FFT Benchmarks
Polynomial interpolation methods comparison
Three methods of polynomial interpolation were benchmarked, with different input sizes each time:
- CPU Lagrange: Finding the Lagrange polynomial of a set of random points via a naive algorithm (see
math/src/polynomial.rs:interpolate()
) - CPU FFT: Finding the lowest degree polynomial that interpolates pairs of twiddle factors and Fourier coefficients (the results of applying the Fourier transform to the coefficients of a polynomial) (see
math/src/polynomial.rs:interpolate_fft()
). - GPU FFT (Metal): Same as CPU FFT but the FFT algorithm is run on the GPU via the Metal API (Apple).
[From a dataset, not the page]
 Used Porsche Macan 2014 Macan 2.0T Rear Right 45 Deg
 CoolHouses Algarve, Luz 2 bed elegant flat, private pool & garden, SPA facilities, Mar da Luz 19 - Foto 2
these were run with criterion-rs in a MacBook Pro M1 (18.3), statistically measuring the total run time of one iteration. The field used was a 256 bit STARK-friendly prime field.
All values of time are in milliseconds. Those cases which were greater than 30 seconds were marked respectively as they're too slow and weren't worth to be benchmarked. The input size refers to d + 1 where d is the polynomial's degree (so size is amount of coefficients).
Input size | CPU Lagrange | CPU FFT | GPU FFT (Metal) |
---|---|---|---|
2^4 | 2.2 ms | 0.2 ms | 2.5 ms |
2^5 | 9.6 ms | 0.4 ms | 2.5 ms |
2^6 | 42.6 ms | 0.8 ms | 2.5 ms |
2^7 | 200.8 ms | 1.7 ms | 2.9 ms |
... | ... | .. | .. |
2^21 | >30000 ms | 28745 ms | 574.2 ms |
2^22 | >30000 ms | >30000 ms | 1144.9 ms |
2^23 | >30000 ms | >30000 ms | 2340.1 ms |
2^24 | >30000 ms | >30000 ms | 4652.9 ms |
NOTE: Metal FFT execution includes the Metal state setup, twiddle factors generation and a bit-reverse permutation.